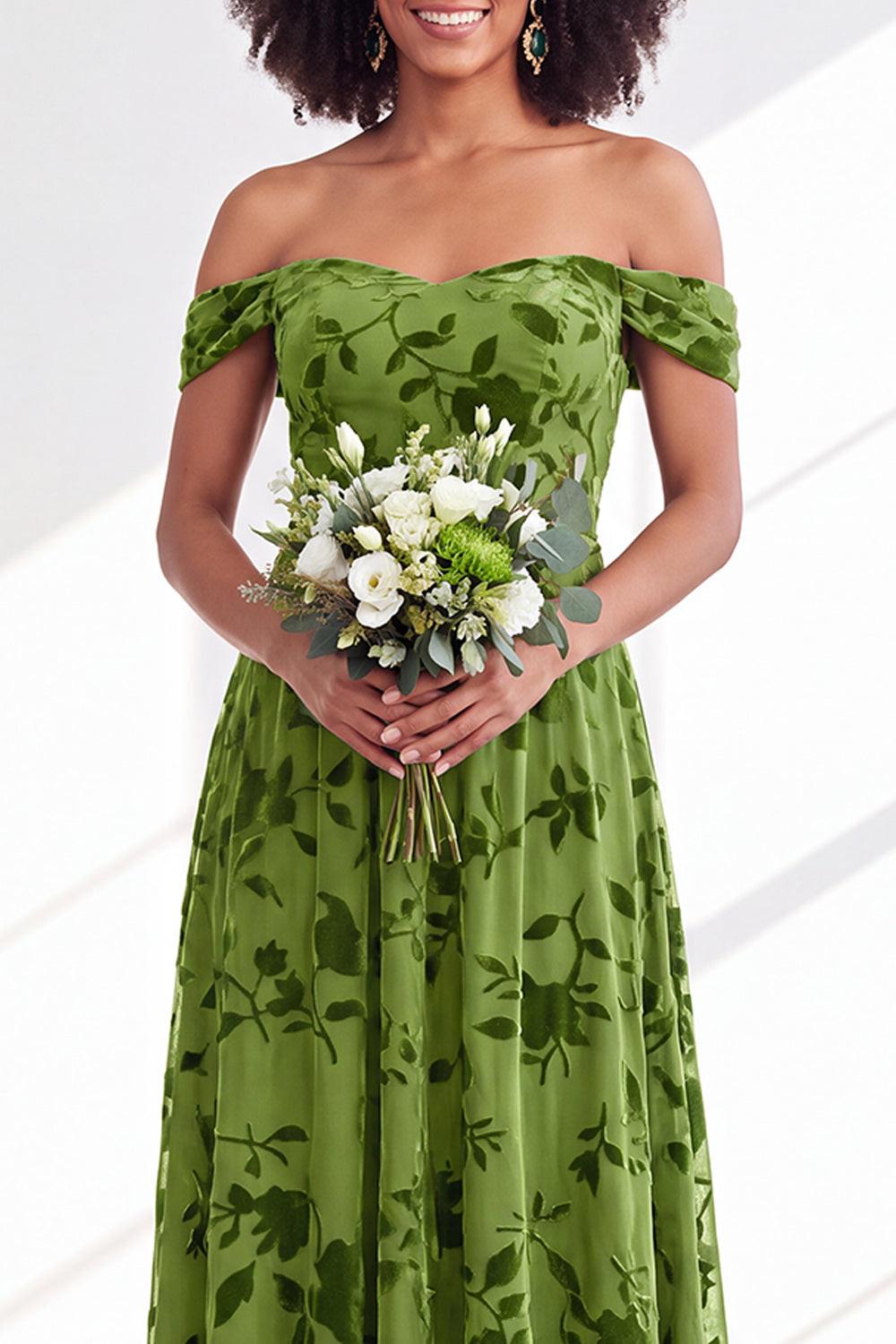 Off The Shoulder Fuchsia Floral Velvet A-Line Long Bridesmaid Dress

...

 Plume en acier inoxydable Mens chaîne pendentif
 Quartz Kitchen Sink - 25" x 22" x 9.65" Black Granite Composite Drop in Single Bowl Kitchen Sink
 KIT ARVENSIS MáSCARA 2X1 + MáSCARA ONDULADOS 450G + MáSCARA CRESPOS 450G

# What this task involves:
Looking back over the data above, restate word for word the lines that begin at the line with "Plume en acier" and end at the line with "KIT ARVENSIS MáSCARA", inclusive.

# Task solution:
 Plume en acier inoxydable Mens chaîne pendentif
 Quartz Kitchen Sink - 25" x 22" x 9.65" Black Granite Composite Drop in Single Bowl Kitchen Sink
 KIT ARVENSIS MáSCARA 2X1 + MáSCARA ONDULADOS 450G + MáSCARA CRESPOS 450G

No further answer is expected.